DAME — EPC → BigQuery Ingestion & Enrichment
Industrial‑grade, minimal‑ops pipeline to ingest UK EPC (Energy Performance Certificate) data from the Open Data Communities API, land it as JSON in GCS, and load into BigQuery with curated views ready for analytics and GenAI/RAG.
Why this exists
- JSON in, JSON out: Avoids brittle CSV parsing and schema drift.
- Idempotent: Checkpoints in GCS prevent double work.
- Partitioned & clustered: Cheap scans and fast filters in BigQuery.
- Separation of concerns: HTTP client, loaders, orchestration, SQL views are cleanly split.
- One‑command local run or BigQuery Studio Pipeline (scheduled 08:00 Europe/London).
High‑level architecture
flowchart TD
API["EPC API JSON"] --> Ingest["Ingest Scripts<br>domestic.py | nondomestic.py"]

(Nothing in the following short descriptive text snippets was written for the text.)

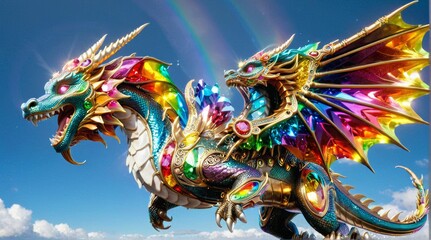 Obraz premium Majestic Rainbow-Scaled Dragon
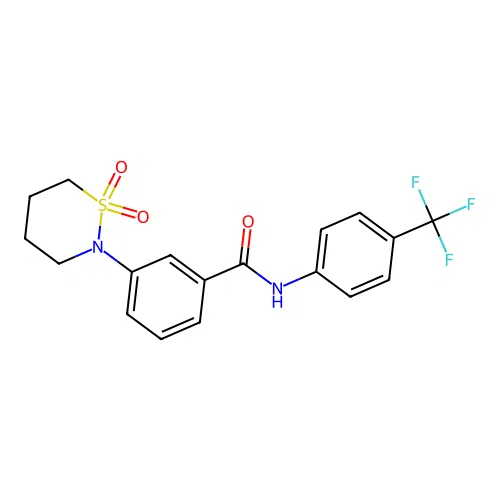 3-(1,1-dioxido-1,2-thiazinan-2-yl)-N-(4-(trifluoromethyl)phenyl)benzamide structure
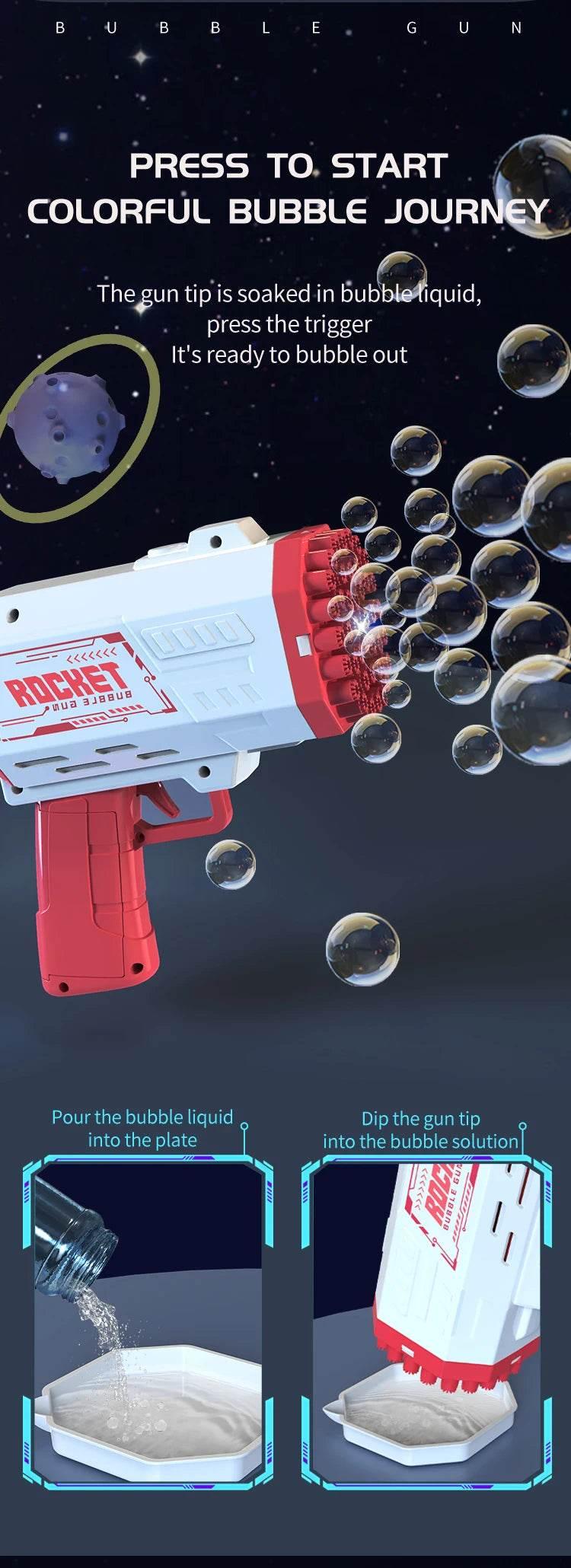 40 Hole Children's Bubble Gun Continuous Bubbles Outdoor Toy for Birthday and Wedding Parties Excluding Bubble Liquid and Battery - ToylandEU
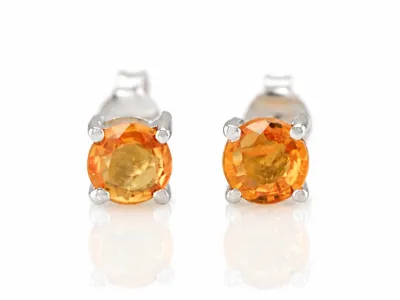 Silberohrringe mit orangefarbenem Saphir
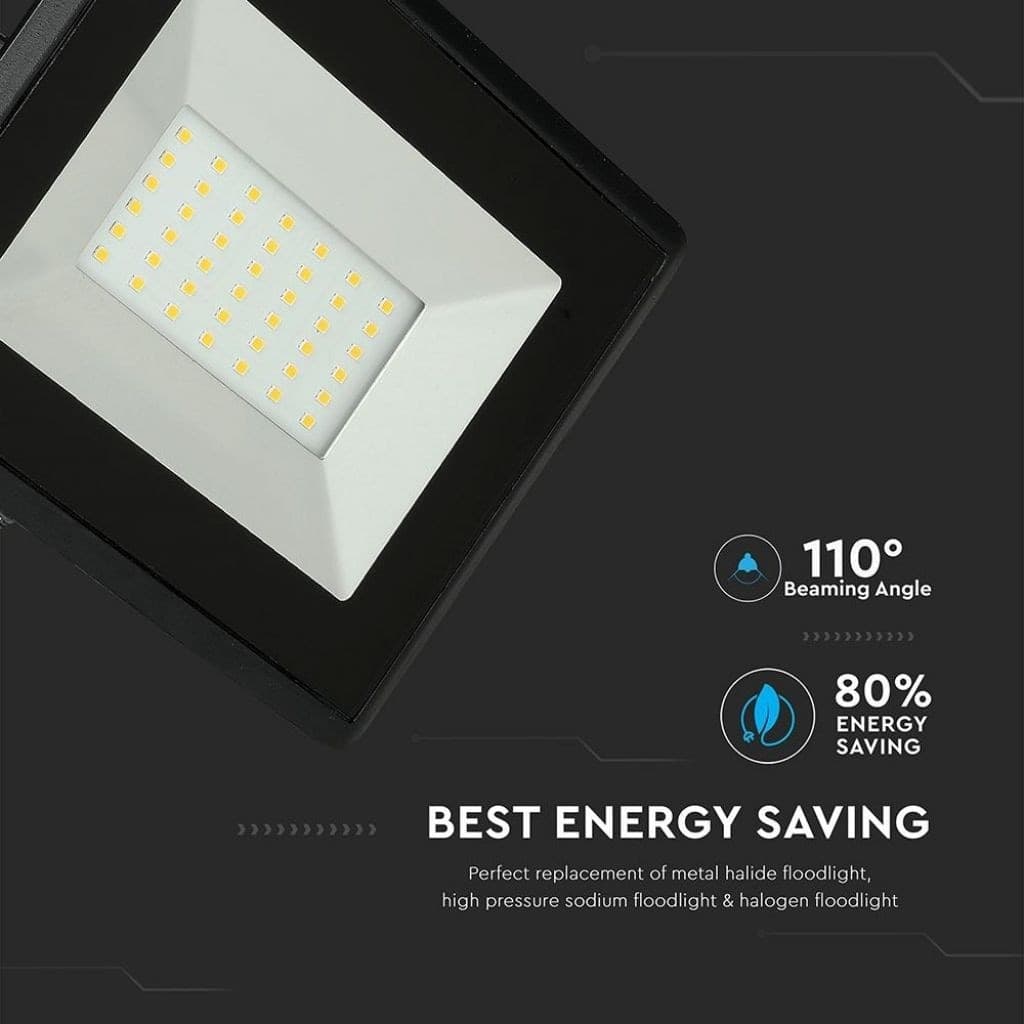 FARO PROIETTORE A LED SMD DA 50W COLORE NERO LUCE CALDA 3000K PER ESTERNO IP65 - 13
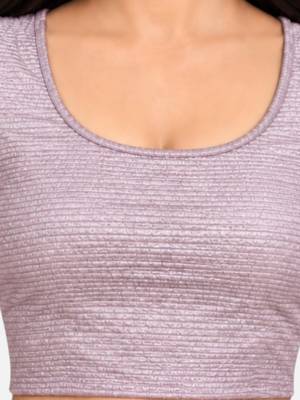 Lavender shiny cotton spandex stretchable princess cut readymade saree blouse 4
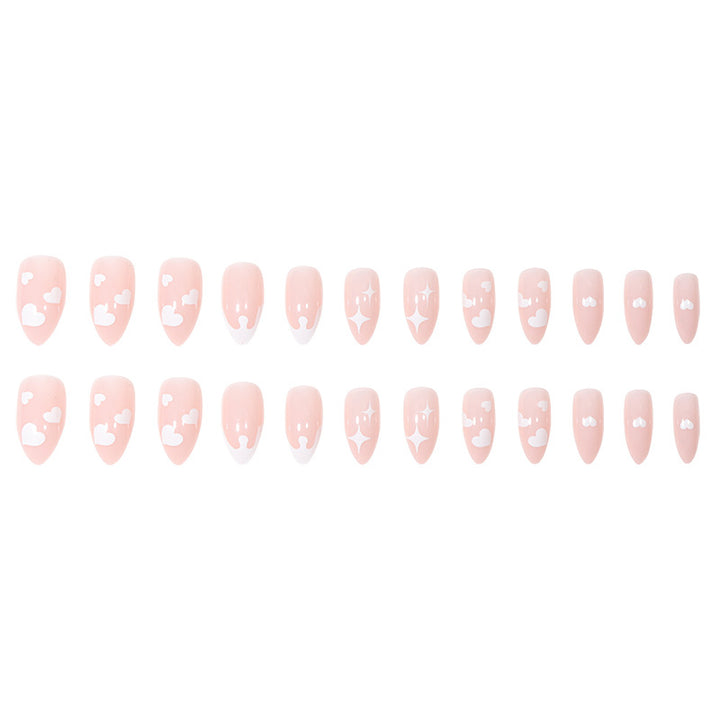 Custom Heart-Design Stiletto Press-On Nails Bowlift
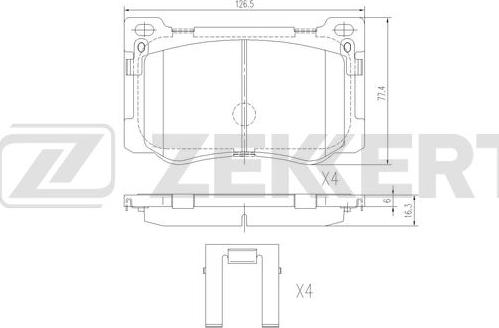 Zekkert BS-3053 - Тормозные колодки, дисковые, комплект autospares.lv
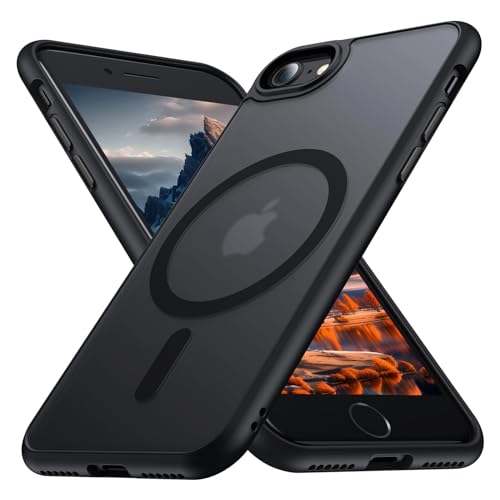 ROUMAYMAY Magnetic for iPhone SE Case, iPhone 7 Phone Case Magnetic [Compatible with MagSafe] Military Grade Protective Slim Translucent Matte Skin Smooth Phone Case for iPhone 8 Cover, Black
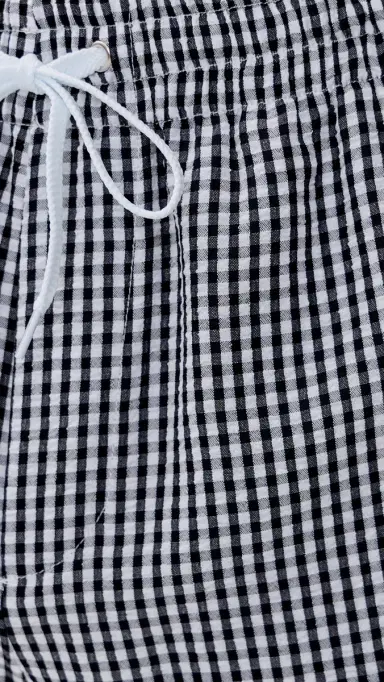 Dur Doux Checked eersucker wim Trunks 6 Black, White | Thumbnail 6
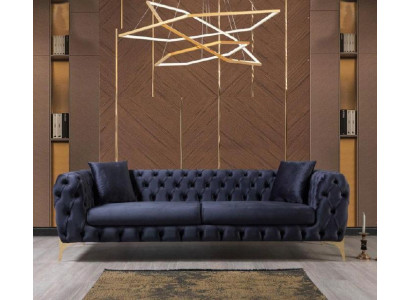 Trzyosobowa sofa Chesterfield ze stali nierdzewnej, luksusowa sofa niebieska, designerskie meble nowość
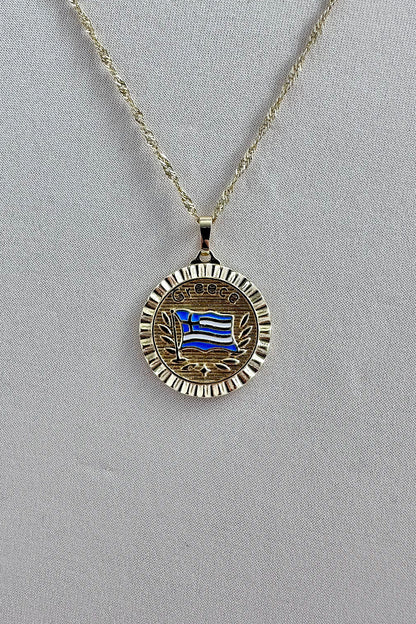 Greece flag Swirl Necklace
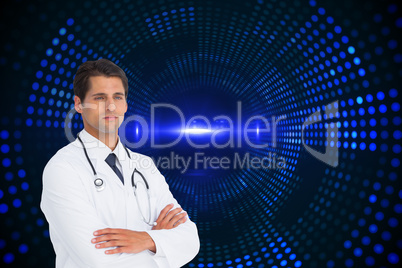 Composite image of serious doctor with arms crossed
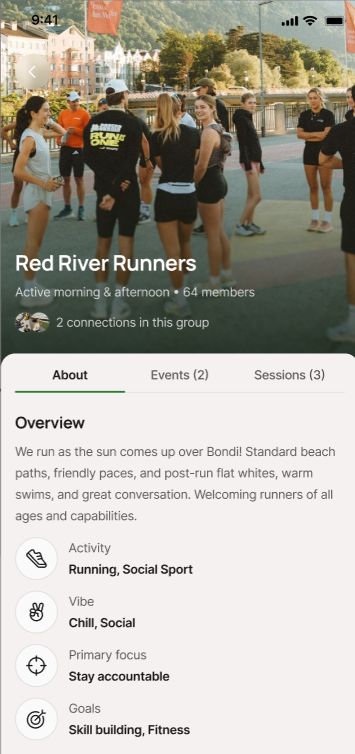 A group page for Red River Runners showing activity, vibe and focus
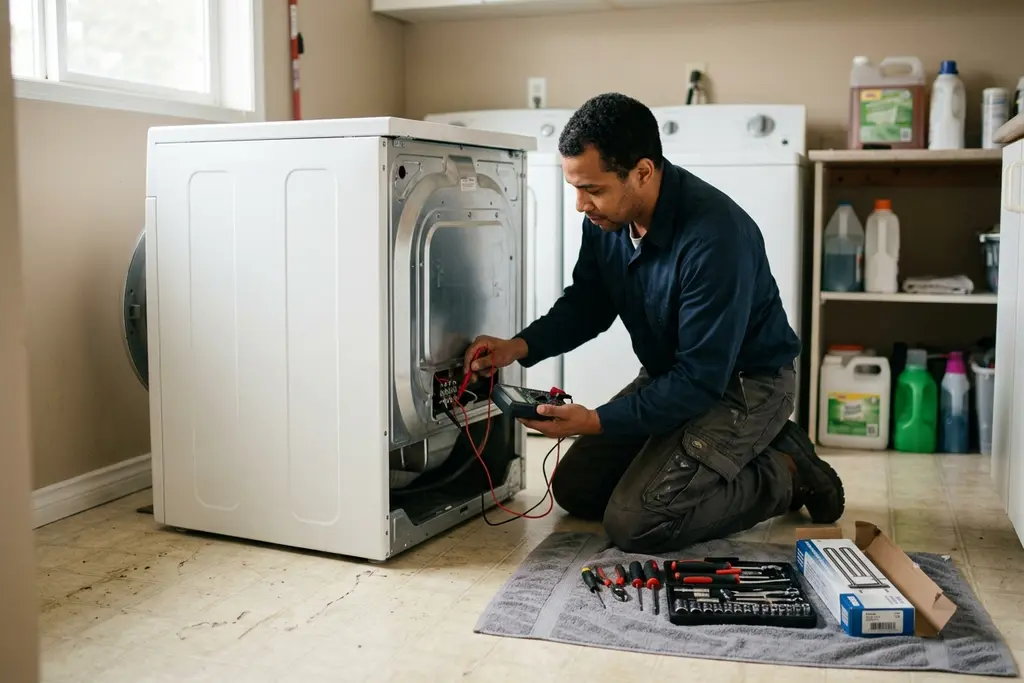 Appliance repair technician testing a pulled-out dryer with a multimeter, tools on a towel beside him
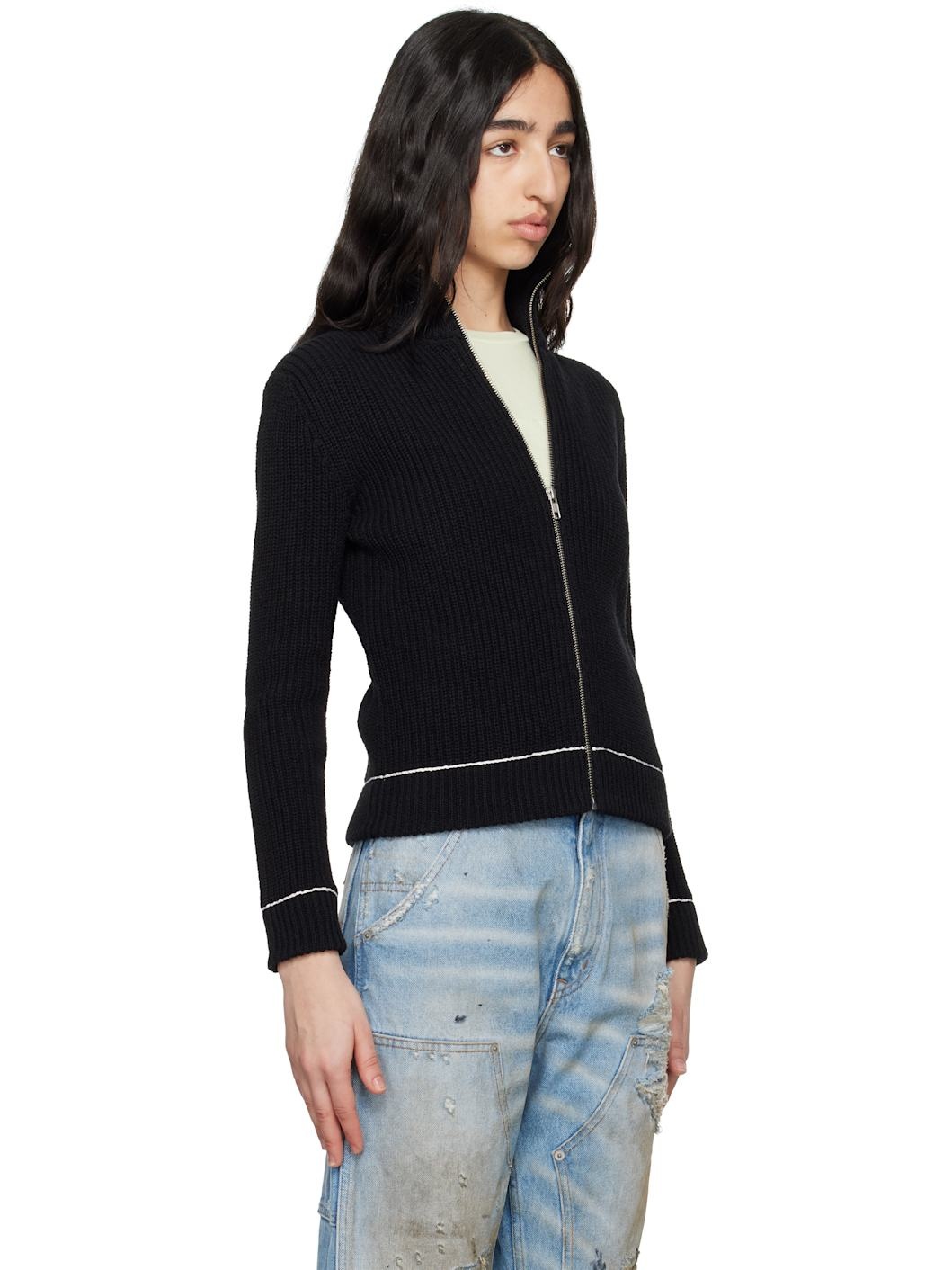 Black Slitted Camionneur Track Jacket - 2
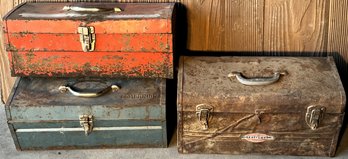 3 Vintage Metal Toolboxes - (SA2)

Ingest -->|Normalize| Data{"Normalized Data"}
subgraph Storage
GCS["GCS Bucket<br>epc/json/..."]
BQ["BigQuery<br>raw_json tables"]
end
Data -->|Load| GCS
Data -->|Load| BQ
subgraph Analytics
Views["Curated Views<br>enr_*_certificates_v"]
Recs["Recommendations"]
end
BQ --> Views
BQ -.-> Recs
Repo layout (key paths)
app/dame_epc/
├─ settings.py # .env + env loader
├─ schema.py # table names, landing schema, view SQL helpers
├─ epc_api.py # HTTP-only EPC client (search-after, retries)
├─ io_utils.py # GCS & BigQuery helpers
├─ logging_setup.py # JSON logging
├─ state.py # GCS checkpoints (is_done/mark_done/clear)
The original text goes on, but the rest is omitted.